Now to a realtor, especially to one who has seen me pursue a very elegant, classic home for the last 6 months, to see me switch to a house that is none of the things the other house is, and to decide, in what amounted to hours, to buy it, had to raise some questions as to just who it was she was working with (she’s a great realtor and I would highly recommend her, especially if looking in North Minneapolis. Call or write if you want her name).
When I arrived at her office the next morning to formally make an offer on the home, she said she had bad news – the owner’s agent had already received another offer. Wow! I thought I was quick on this.
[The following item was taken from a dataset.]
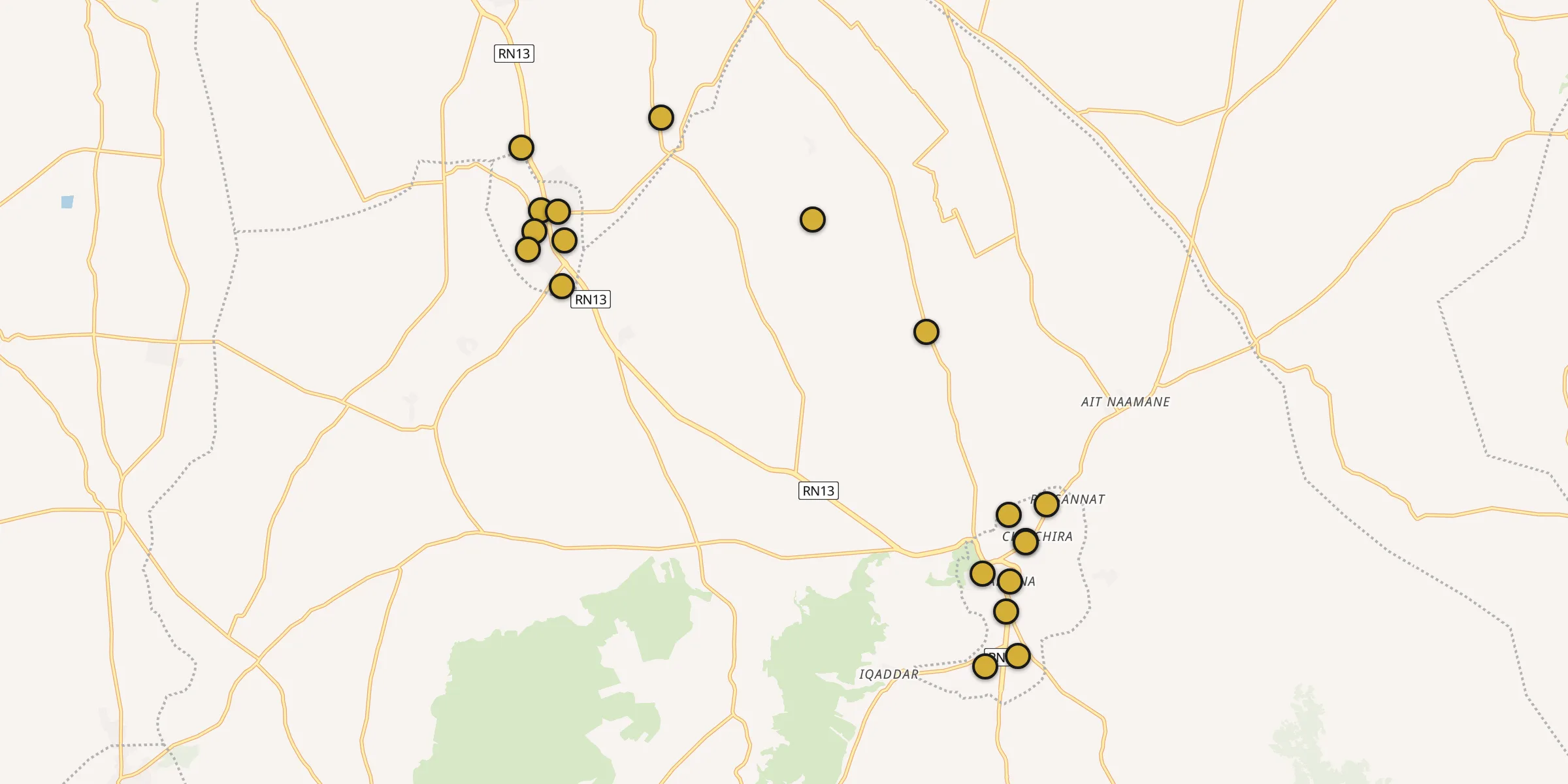 Plan des mosquées à El Hajeb : cliquez sur un point pour voir la fiche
She said I still had time to make an offer if I got it to the seller’s agent by 2 PM – the time the agent was meeting the owner to review the offer. I said let’s do it.
Having another offer on the table changes how one goes about this. My offer could not be contingent on my house selling. Price had to beat the other offer – an offer with an undisclosed dollar amount. I asked how many chances I had to beat the other offer. One.
I asked my agent what she thought I should offer. She said to be safe I probably needed to offer asking price. I thought a bit and concluded that if that was my realtor’s strategy, it would likely be the other realtor’s strategy also. The other party would be notified that there was another offer and would be given one chance to raise their original offer, also without knowing what the other offer was.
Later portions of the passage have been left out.